Hoskyns and Coptic John 1:1
A blogger calling himself "Memra" has posted a number of blogs defending the NWT's "a god" translation by way of the Coptic Sahidic Translation. I have responded to most of his arguments here.
However, I have just returned from the local Seminary library where I looked up the following scholarly citation in one of Memra's blogs:
"In The Fourth Gospel, the late Edwyn Clement Hoskyns, Bart., D.D. (St. Andrews), Fellow of Corpus Christi College, Cambridge, writes concerning John 1:1: 'It is impossible to reproduce in English this contrast [between hO QEOS and QEOS]. The Coptic version alone has been able to reproduce the meaning of the original Greek.'"

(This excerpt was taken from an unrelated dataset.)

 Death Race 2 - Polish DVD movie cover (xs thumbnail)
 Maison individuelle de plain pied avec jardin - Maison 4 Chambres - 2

The first thing I noted was that the "contrast" Hoskyns is speaking of is between "the God" and the anarthrous "God." He uses English terms, not Greek, and capitalizes "God" both times. Further, he says it is "impossible" in English to reproduce this contrast, and the Coptic version alone has been able to do so. This fact should be the first clue that Hoskyns may not be saying what Memra hopes he is, for surely Hoskyns is aware that if the Greek THEOS actually meant "a god" in John 1:1c, it would be simple to convey this sense in English!
Memra goes on:
"Why would Hoskyns state that "the Coptic version (of John 1:1) alone has been able to reproduce the meaning of the original Greek"? No doubt because he appreciated the precision of this ancient version that possessed both definite and indefinite articles in its grammatical structure, unlike the contemporaneous versions in Latin and Syriac. The Coptic version was and is able to clearly distinguish the nuance of meaning between the Word as a divine being and the divine Being the Word was with."
What Memra isn't telling us is that previously on this page (p. 141), Hoskyns clearly says of the Word, "He who was God became flesh." Thus, whatever appreciation Hoskyns has for the "precision of this ancient version," it clearly cannot be a distinction between the Word as "a divine being" and "the divine Being" he was with.
I will repeat Memra's question: Why would Hoskyns say that the Coptic version alone represents the actual meaning of the Greek? Clearly, Hoskyns cannot be referring to an indefinite usage in the Coptic; he must, therefore, be referring to qualitative usage. It will be remembered that Hoskyns was writing in 1947. While a number of Greek scholars at that time and before understood THEOS in John 1:1c to mean that the Word had the same nature as God, it would remain until Harner's landmark study on qualitative nouns to fully describe its semantic nuance.